Too Late: Law enforcement can only demand to see private social media profiles and messages if a judge signs off on a search warrant. That’s a good thing from a privacy perspective, but it does mean that police can’t easily prevent sales of weapons on social media, and usually can only get a search warrant to see what’s going on in social media backchannels after a shooting or homicide provides probable cause. Social media companies also appear to be either unwilling to comment or are being vague about their roles in gun violence.

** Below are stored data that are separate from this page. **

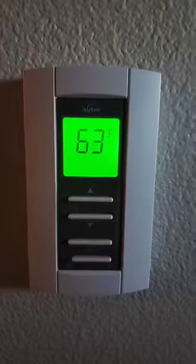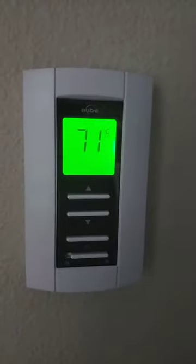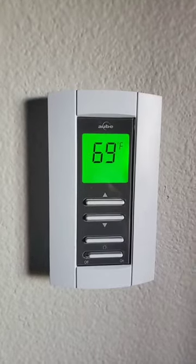It's 63 in this room — obviously the bottom floor has been cooling off much faster. Let's check the top floor. 71 here, 69 here, 69 in this room.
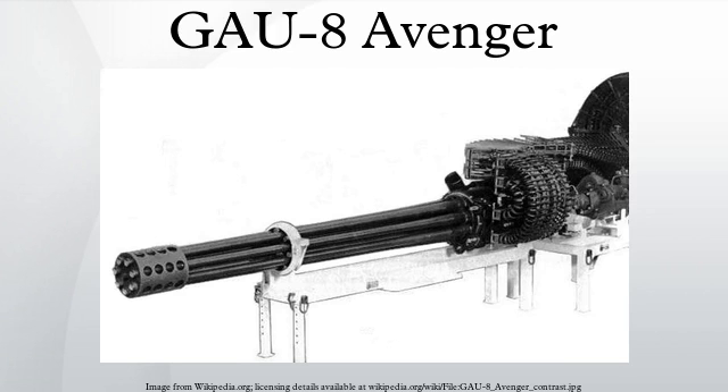The General Electric GAU-8/A Avenger is a 30mm hydraulically driven 7-barrel Gatling-type cannon typically mounted to the United States Air Force's Fairchild Republic A-10 Thunderbolt II. Designed specifically for the anti-tank role, the Avenger delivers very powerful rounds at a high rate of fire. The GAU-8/A is also mounted to the Goalkeeper CIWS.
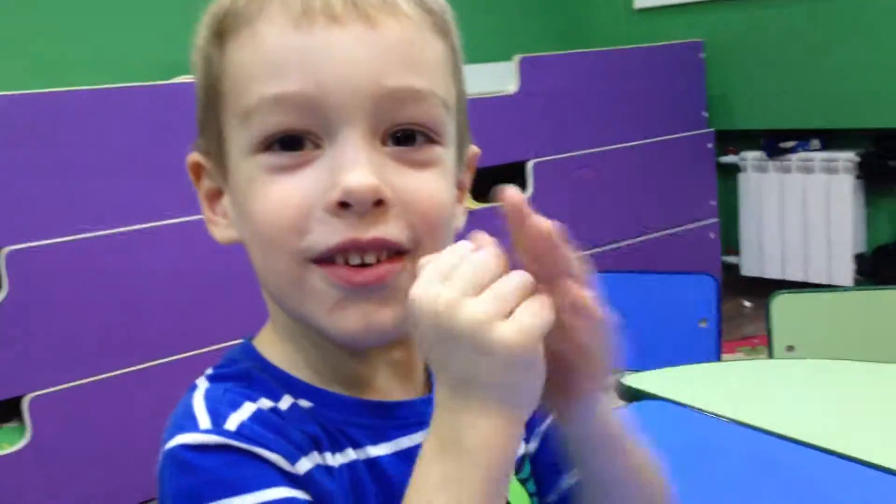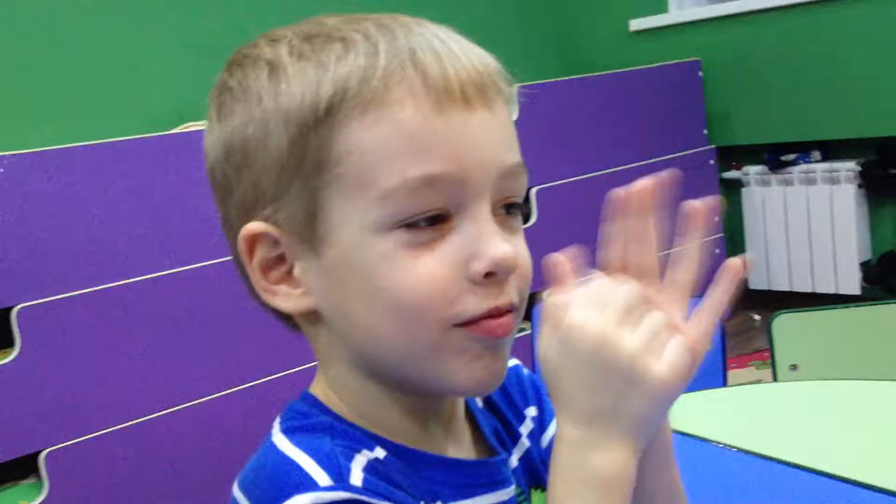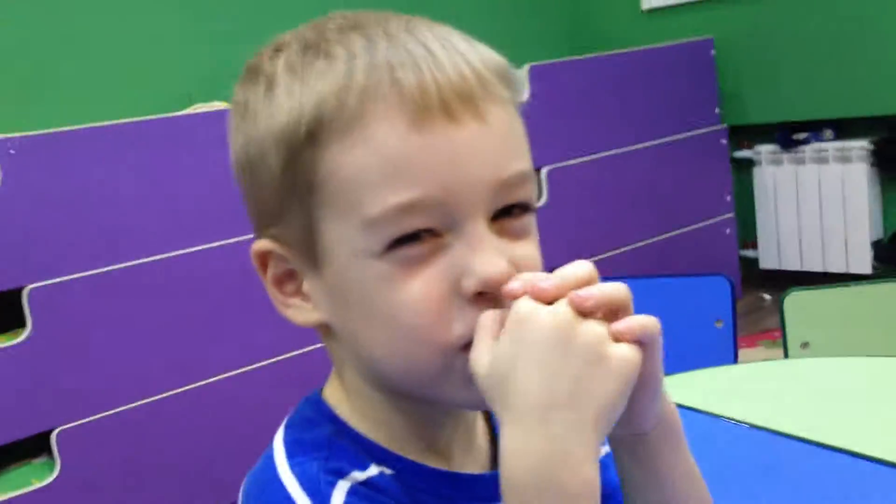You were excellent, you only missed one. You were a perfect score, high score. You win a prize. Good job. All right, thank you.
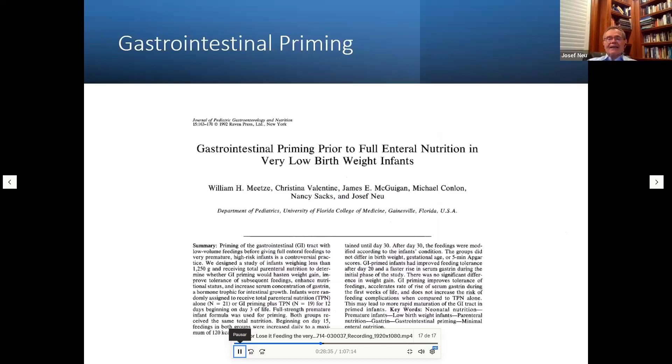Over the past several decades we've recognized that we can provide at least small amounts of feeding to preterm babies. In 1992, we published a paper titled 'Gastrointestinal Priming Prior to Full Enteral Nutrition in Very Low Birth Weight Infants.' At that time in the US, it was common to withhold enteral feeds for one to two weeks. We introduced GI priming — giving less than 20 mL/kg/day in the first week — just to provide some food to the GI tract.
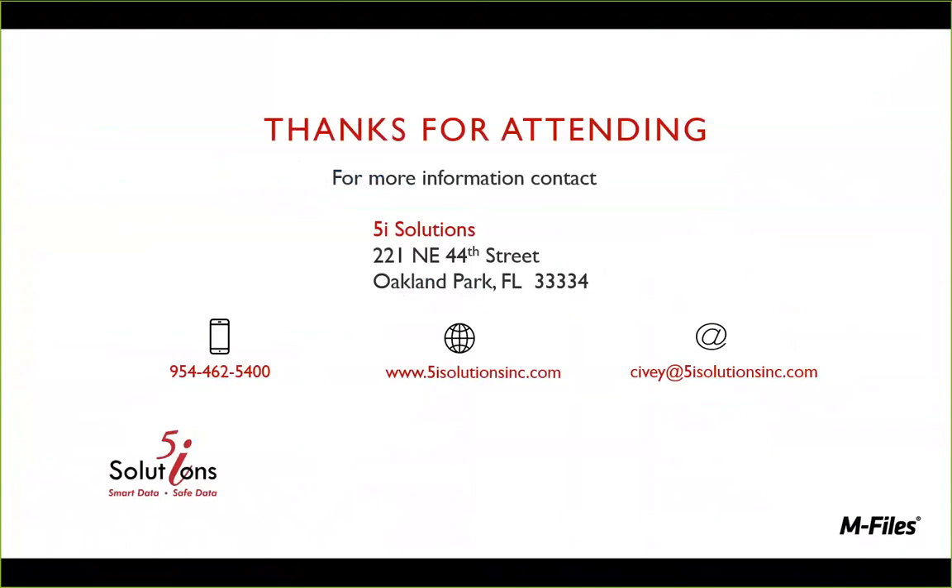Great, Dave — really appreciate it. I think everyone could hear your experience in the matter, and we can see how this can help manufacturers navigate easier and provide another level of risk avoidance. If you have any questions or need more information, you can contact 5i Solutions — Chris Ivey or myself. That contact information is on the screen. Thank you everyone, and have a great day.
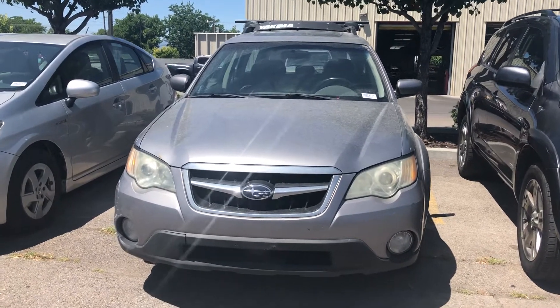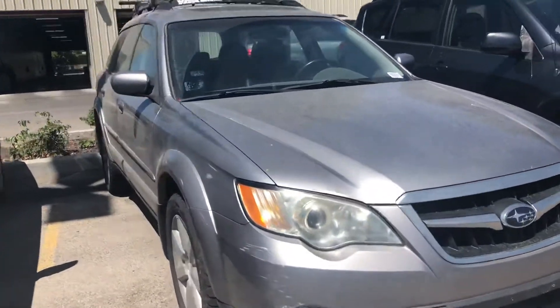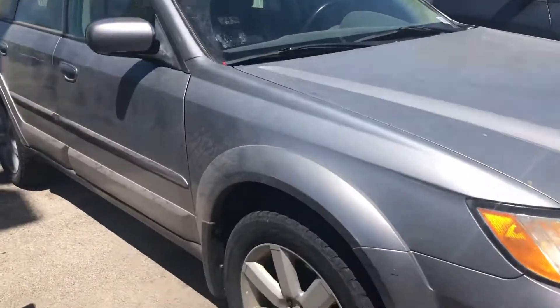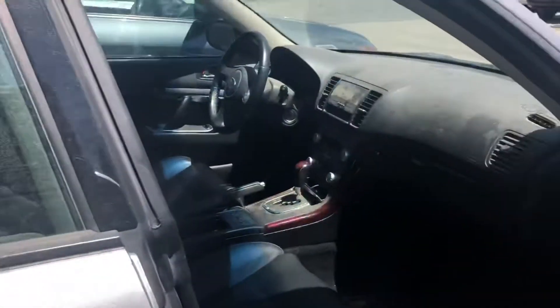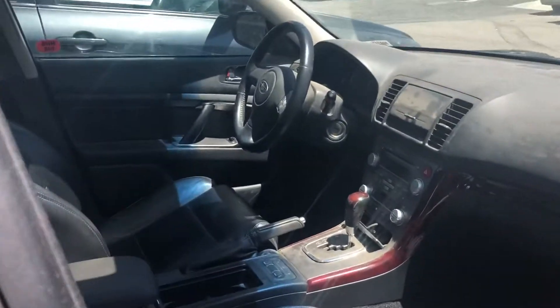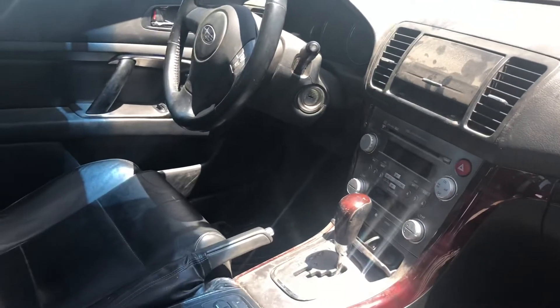Hi Raymond, it's Sam here with Mark Miller Toyota. Right here I have for you our 2008 Subaru Outback in silver. We did just get this vehicle in, so it still needs to go through our detail process and through our shop — we got this in yesterday on trade. You have your black leather interior, heated seats, and all of your radio connections as well.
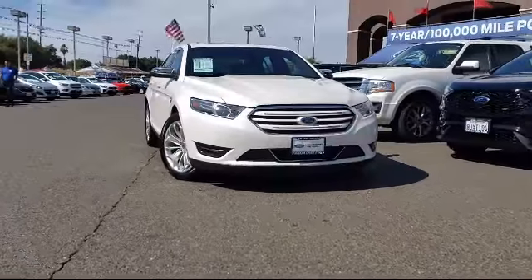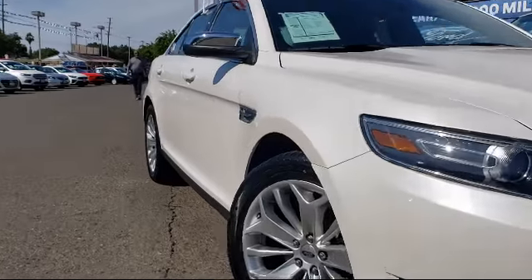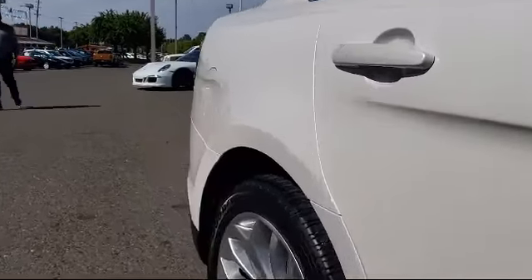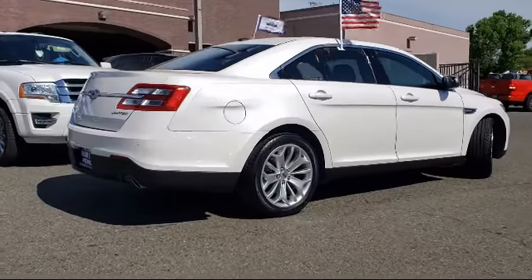Keyless entry, Sirius XM satellite radio, tire pressure monitoring system, heated front seats, auto high-beam headlamp control, rear-view camera, ventilated front seats, steering wheel controls, and parking sensors.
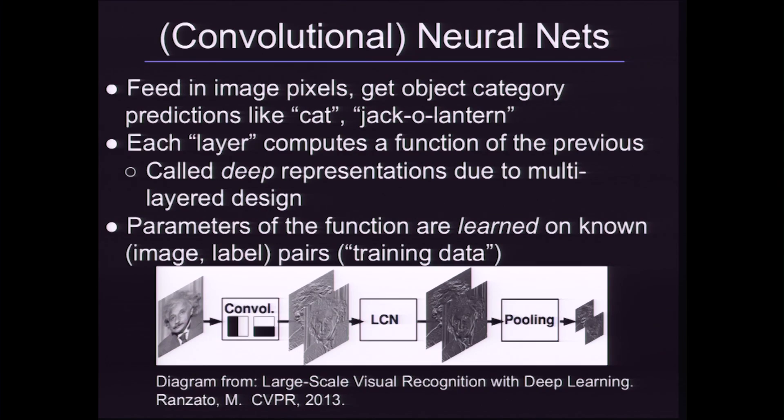I'm Jeff Donahue and I do computer vision research. I'm going to be talking about some of my work in deep object detection today. I'm going to start off with a very brief introduction to what's at the heart of this work, which is convolutional neural networks.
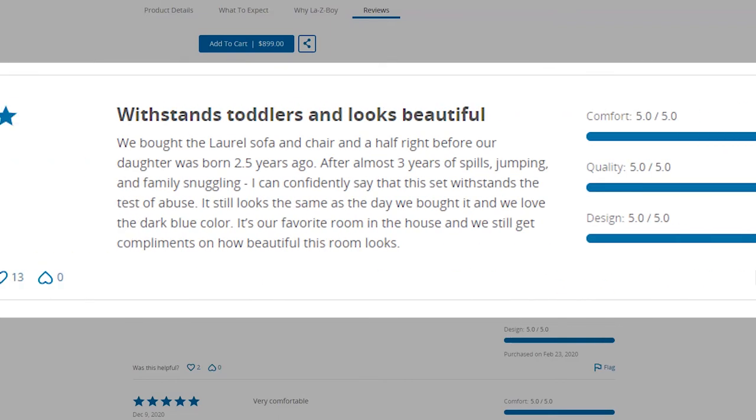Another reviewer writes: "We bought the Laurel and chair and a half right before our daughter was born 2.5 years ago. After almost three years of spills, jumping, and family snuggling, I can confidently say that this set withstands the test of abuse. It still looks the same as the day we bought it and we love the dark blue color. It's our favorite room in the house and we still get compliments on how beautiful the room looks."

Meanwhile, according to stats I obtained from the Denver Police Department, youth shootings in Colorado’s capital have been on the rise:
Still, the most alarming story I heard is not one I included in my recent piece. But the information arose after a youth violence interventionist I was interviewing on background (meaning he didn’t want his name used) mentioned that there’s far too many guns being sold to, and exchanged between, young people for them all to be stolen or even 3D-printed—which is increasingly the case. There are adults selling some of these guns to kids, he told me, particularly in Black communities. And as evidence, he pulled up screenshots on his phone involving a Snapchat exchange that one of his gun-carrying mentees, who is under 18, allegedly had with a stranger. The kid had shared the screenshots with his mentor—the guy I was interviewing. And in the messages I reviewed, the young person inquires about a gun, and is told by the stranger that spreading the word about his Snapchat page and helping earn him 40 more “likes” would earn the kid a free gun. That doesn’t sound like a lot of page-follows in exchange for a free weapon, but after that, the stranger tells the kid that boxes of ammo will be $100 each. According to the youth worker I interviewed, this whole arrangement actually happened—the young person went to a 7-Eleven on Denver’s east side to meet the seller and received a gun. The seller was allegedly a white guy. And also an adult.
The messages I reviewed are apparently now in the hands of Denver Police. I’ll be following whether the department actually discovers anything using them.
It’s now been two weeks since my feature was published October 1. During that time, two more teenagers in the Denver metro area have died by bullets. Those investigations are also ongoing. But I wouldn’t be surprised if, once any search warrants become available, there’s mentions of social media in them.